One answer is that digital universality is in quite a few ways the answer to the absence of other forms of universality: mail-order shopping, the global newsstand, university, gallery and concert hall and government office can all come down a very thin wire, with plenty of space left over for gossip, chatter and games, to say nothing of all the things which haven’t been invented yet.  Until very recently you needed a medium sized town for any of those and a decent sized city to have any hope of all of them. A more pragmatic answer, of course, is that universal broadband is feasible in a way in which universal bullet trains are not.

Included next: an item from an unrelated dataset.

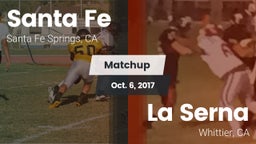 Matchup: Santa Fe  vs. La Serna  2017
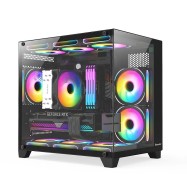 Компьютерный корпус Huntkey S920 Storm RGB, Без БП, 0.5mm, 2xUSB2.0, 1xUSB3.0, 3xARGB F, mATX, Black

But perhaps the most interesting answer is that the question does not seem to arise:  I have seen nobody argue that universal broadband access is a bad thing or that it is wrong to be contemplating some form of cross-subsidy to correct it.  That is an interesting indicator of a level of recognition and acceptance that internet has gone far beyond being a frivolous luxury.

That still leaves one last issue:  if there is a class of people without access to the internet for whom the costs should be subsidised, is the rural/urban split the right one to be using in the first place?  The Joseph Rowntree Foundation’s poverty site gives some clues, including the chart below showing a significantly higher proportion of poorer people in urban areas than rural.

Rural and urban poverty

Even accepting the argument that it is reasonable to subsidise the ‘final third’ because of the high cost and consequent absence of commercial solutions, that still leaves open the question of where the money comes from.  On the face of it, there is a risk that the Digital Britain Next Generation Fund may be regressive in its approach to collecting money.  Whether it actually is or not will be more complicated to work out:  the very poorest won’t have a fixed phone line to be taxed in the first place, the ‘final third’ population may or may not be representative of the rural population as a whole, and so on.

And a final irony.  There are still plenty of places in Cornwall where it is impossible to get the most basic mobile phone signal, let alone anything more fancy.  One of them, miles from anywhere, down a steep hill, in a narrow valley at the end of the road was once the most connected place in the world.